[Problem details] Below are some entries. Return exactly the lines from the one with "this 852×568 image." through the final line, leaving out any pictures.
Top of Data provided
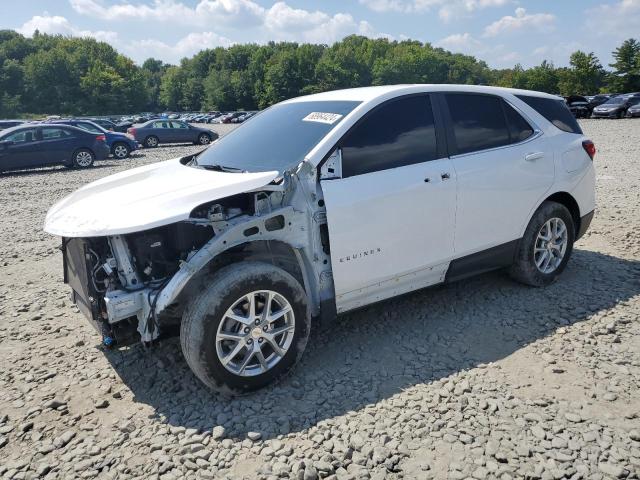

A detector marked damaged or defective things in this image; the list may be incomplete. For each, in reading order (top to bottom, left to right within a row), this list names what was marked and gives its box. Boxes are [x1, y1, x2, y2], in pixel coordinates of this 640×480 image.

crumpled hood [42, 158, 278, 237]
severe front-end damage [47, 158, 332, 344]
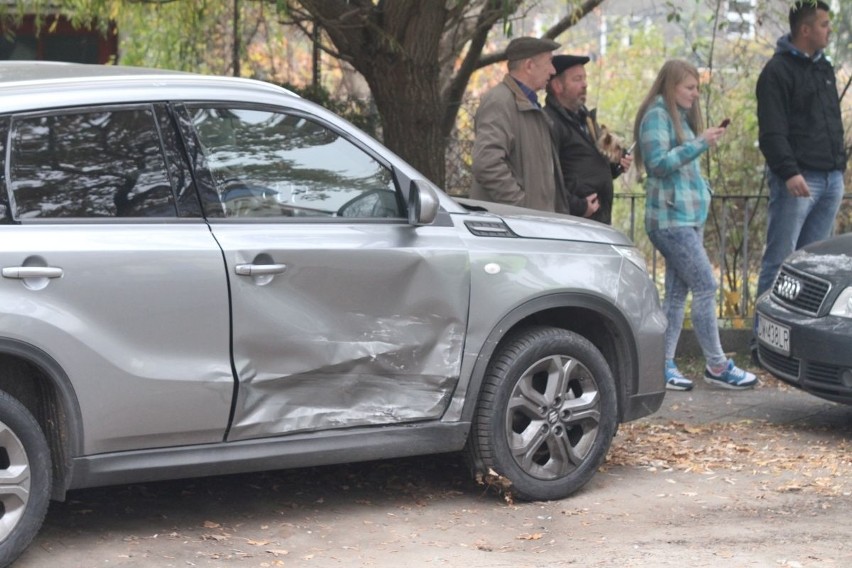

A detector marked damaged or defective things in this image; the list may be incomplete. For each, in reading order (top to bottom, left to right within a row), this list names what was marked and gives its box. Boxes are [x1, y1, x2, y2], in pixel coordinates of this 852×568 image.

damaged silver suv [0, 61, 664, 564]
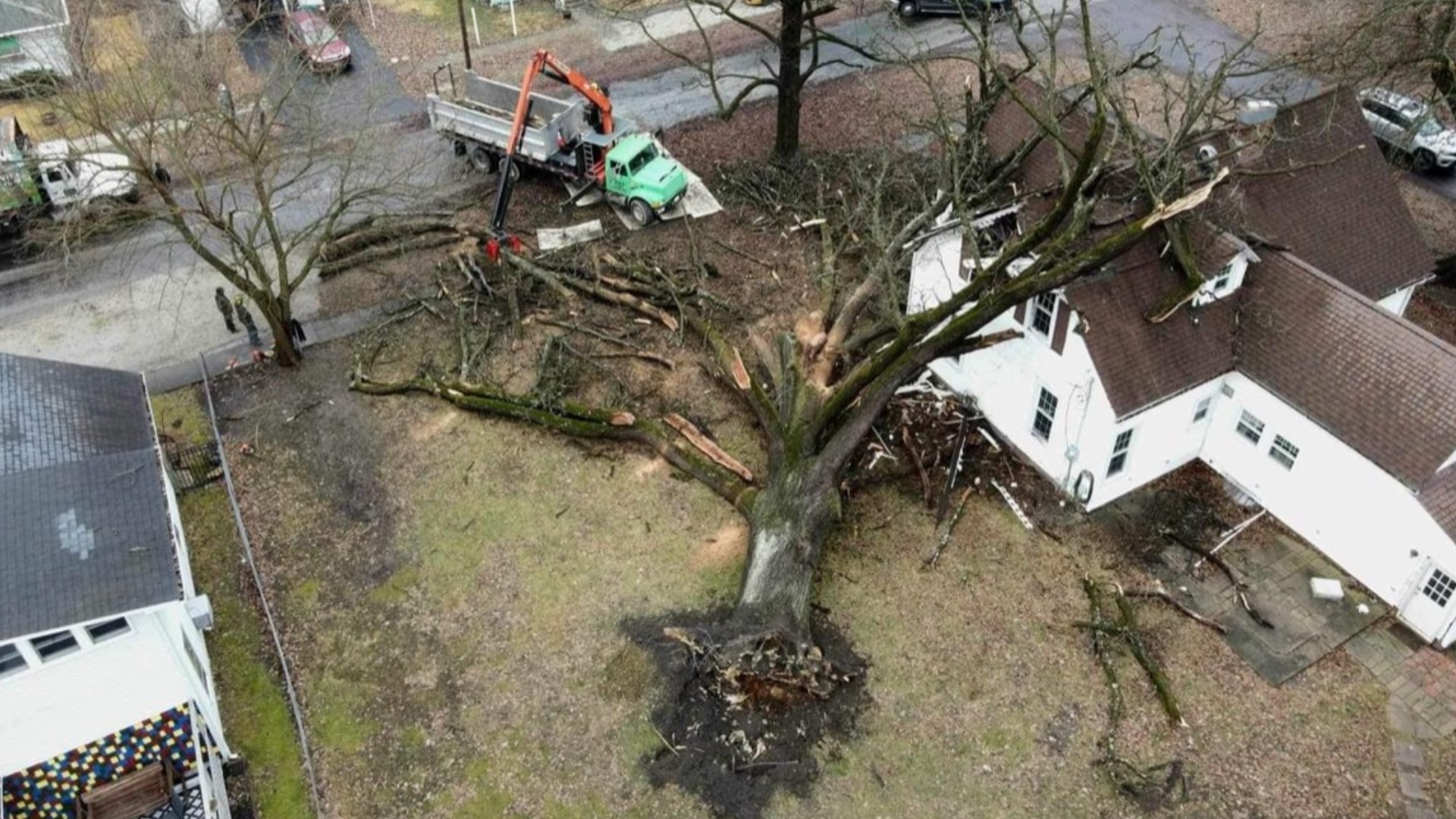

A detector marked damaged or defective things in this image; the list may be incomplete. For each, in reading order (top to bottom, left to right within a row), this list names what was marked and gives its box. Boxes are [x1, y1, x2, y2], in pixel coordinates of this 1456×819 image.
Bottom of Data provided
[Solved problem]
A detector marked damaged or defective things in this image; the list may be incomplete. For each, in reading order (top to bottom, left to right within a row), this list names what was marked and gives its box. Boxes are [x1, y1, x2, y2], in pixel coordinates of this 852×568 image.

damaged silver suv [0, 61, 664, 564]

A detector marked damaged or defective things in this image; the list may be incomplete. For each, in reading order (top to bottom, left to right within a row), this list names what was marked and gives its box. Boxes are [x1, y1, x2, y2], in pixel coordinates of this 1456×819 image.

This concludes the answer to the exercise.